START PROVIDED RECORDS
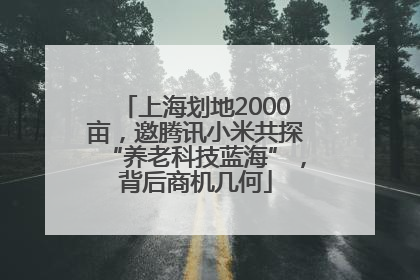 上海划地2000亩，邀腾讯小米共探“养老科技蓝海”，背后商机几何
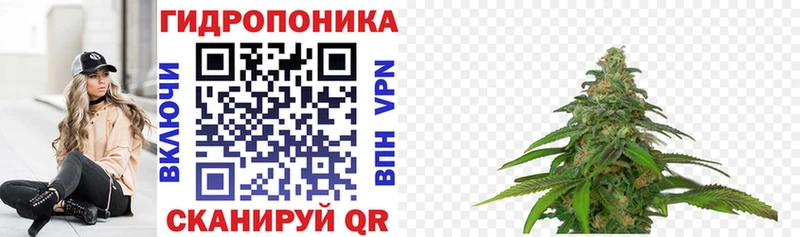 Купить  Бокситогорск  Марихуана индика 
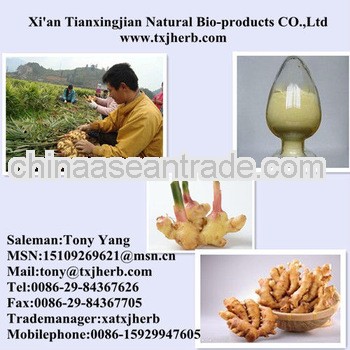 ISO Factory Supply Hight Quality 100% Pure Natural Ginger Powder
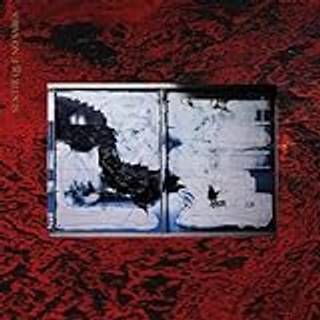Mabe Fratti - Sentir Que No Sabes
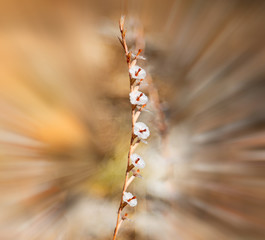 white  flower in the grass blurred zoom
END PROVIDED RECORDS
WHAT IS NEEDED: The records above should be reproduced exactly, with no pictures included.

SOLUTION TO THE PROBLEM:
 上海划地2000亩，邀腾讯小米共探“养老科技蓝海”，背后商机几何
 Купить  Бокситогорск  Марихуана индика 
 ISO Factory Supply Hight Quality 100% Pure Natural Ginger Powder
Mabe Fratti - Sentir Que No Sabes
 white  flower in the grass blurred zoom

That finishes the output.